During a provider transfer, your balance is out of the market. This is a minor consideration for long-term investors but worth knowing — avoid switching providers the week before a known market-moving event if you’re concerned about timing.


Does It Cost Anything to Switch?

No — there are no fees to switch fund types or providers in KiwiSaver.

Some providers charge a transaction fee on the units sold to fund the switch (this is different from an exit fee — it’s built into the unit price). Most modern KiwiSaver providers have eliminated transaction fees entirely. Check with your provider if uncertain.

You do not lose government contributions (MTC) or employer contributions by switching.


Common Mistakes When Switching

Switching to cash/conservative after a market fall

This is the most damaging mistake. When markets fall 25%, people panic and switch to cash — locking in the loss. Then when markets recover, they’re in cash and miss the rebound. The net effect is buying high, selling low, and buying high again.

If you’re in growth and markets fall: don’t switch unless your time horizon has genuinely changed.

Switching to growth just before retirement

Going fully into growth with 2–3 years to retirement exposes you to catastrophic sequence-of-returns risk. A 30% market drop the year before you retire means retiring with 30% less — with no recovery time.

Never switching at all

Equally problematic. If you were auto-enrolled at 22 into a conservative default fund and never changed it, you’re now 40 and have missed 18 years of growth-fund returns.

Switching provider every year chasing performance

KiwiSaver is a long-term investment. Switching providers based on 1-year performance tables is a form of performance chasing — you typically end up buying last year’s winner, which often underperforms going forward.

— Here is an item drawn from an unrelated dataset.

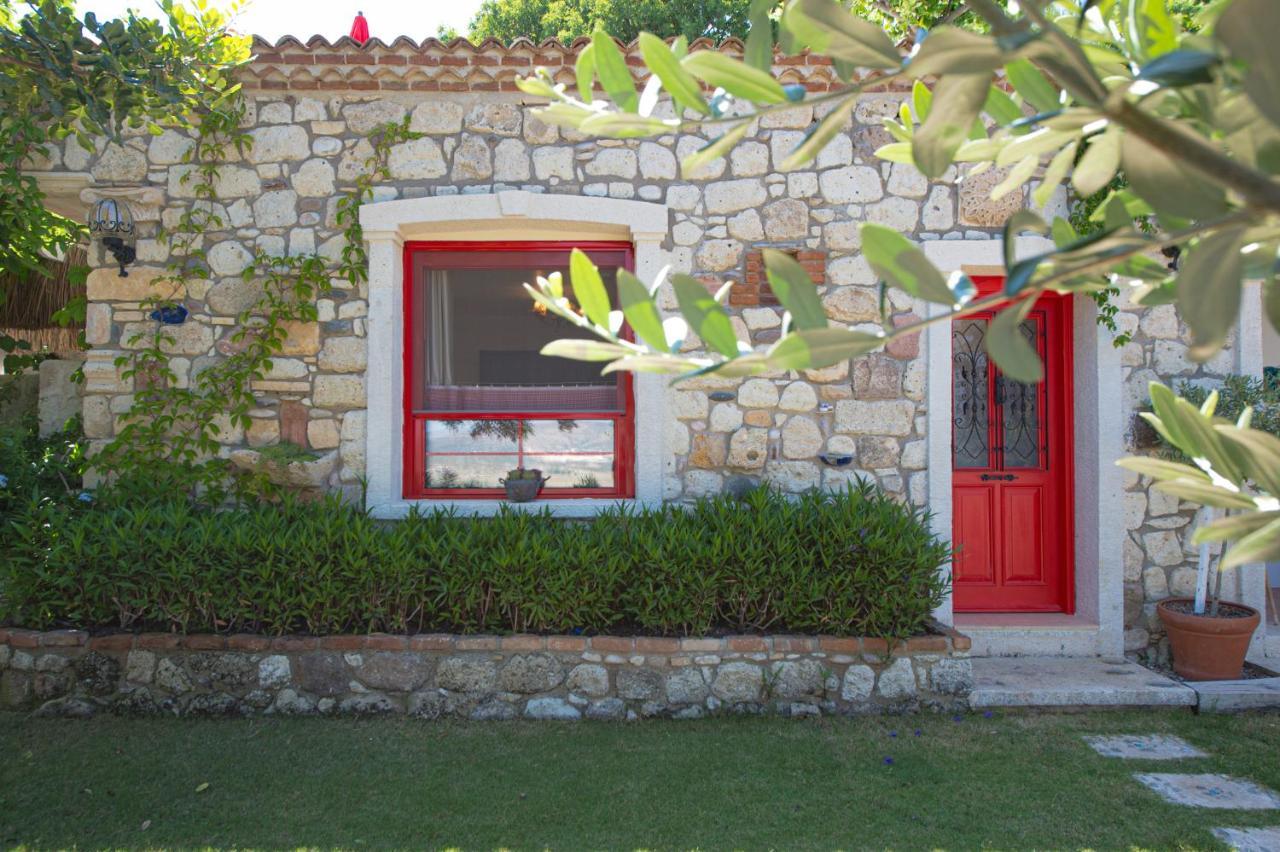 Villa Taraca Alacati Romantik Otel (Adults Only) Екстериор снимка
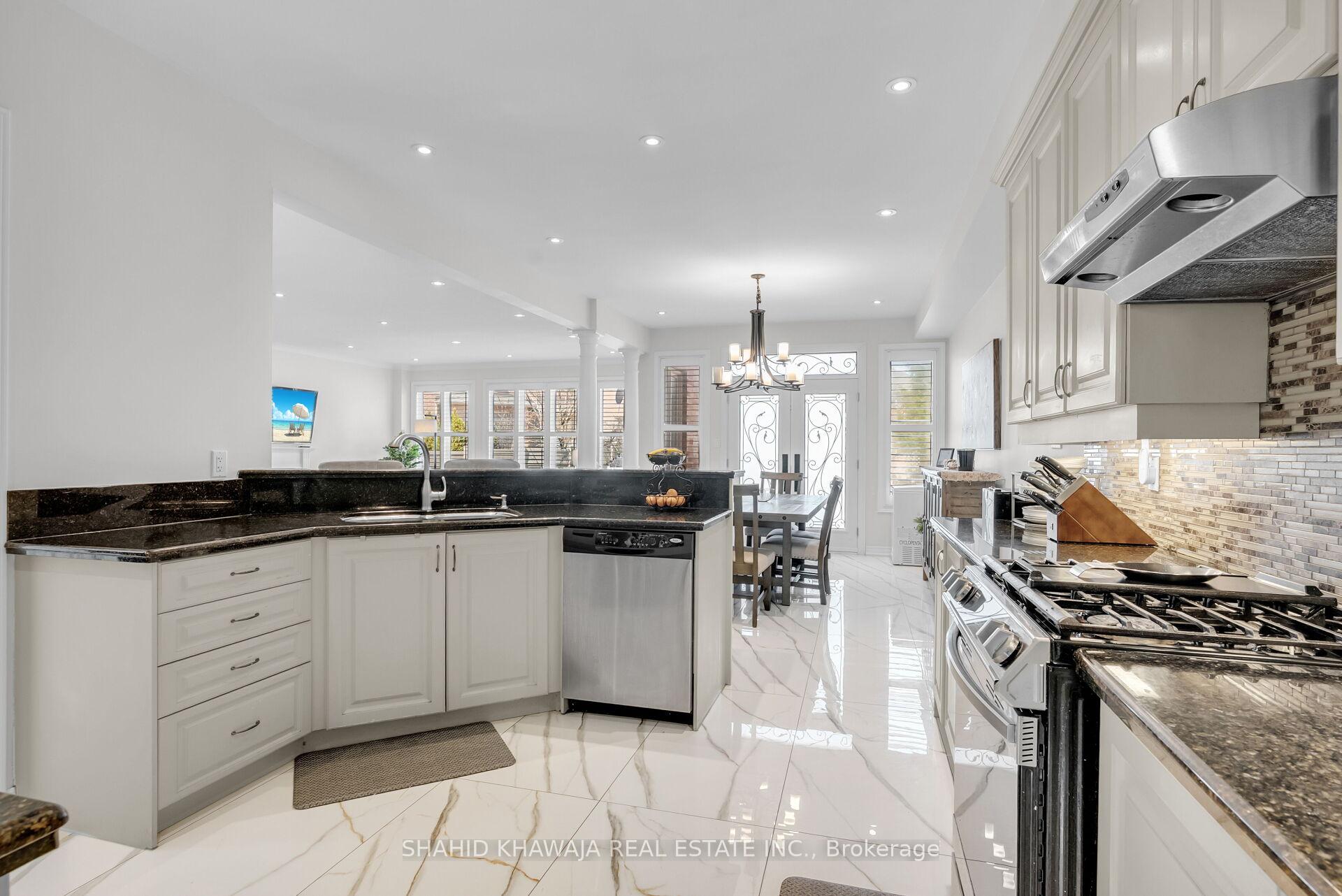 2522 Lyndhurst Drive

What Happens to Your Balance During a Switch?

Within the same provider

Your units in the old fund are sold and units in the new fund are purchased. The switch typically takes 1–5 business days. There’s a brief period where your money is held in cash between the two fund purchases.

Switching providers

Your balance is transferred as cash from your old provider to your new provider, who invests it in your chosen fund. During the transfer period (10–15 working days), your money is not invested and will not earn market returns or losses.


Frequently Asked Questions

Can I split my KiwiSaver between multiple fund types? Some providers allow you to split your balance across multiple funds (e.g. 50% growth, 50% balanced). This varies by provider — Simplicity and most bank providers do not offer split allocations; some providers like SuperLife and Kernel do. Check with your provider.

Will switching fund type affect my MTC? No — the member tax credit is based on how much you contribute, not which fund type you’re in. Switching funds has no effect on MTC eligibility.

How do I know what fund type I’m currently in? Log in to your provider’s online portal — your current fund type should be displayed on your dashboard. Alternatively, check your most recent annual statement or call your provider.

Can I switch fund type before making a first home withdrawal? Yes — and for most members approaching a home purchase, you should. Switching from growth to balanced or conservative 3–5 years before your planned purchase protects your deposit from a bad market year. See KiwiSaver as a house deposit.

Is there a limit on how many times I can switch? No — you can switch fund types as often as you like. However, frequent switching (especially in response to market movements) is generally counterproductive.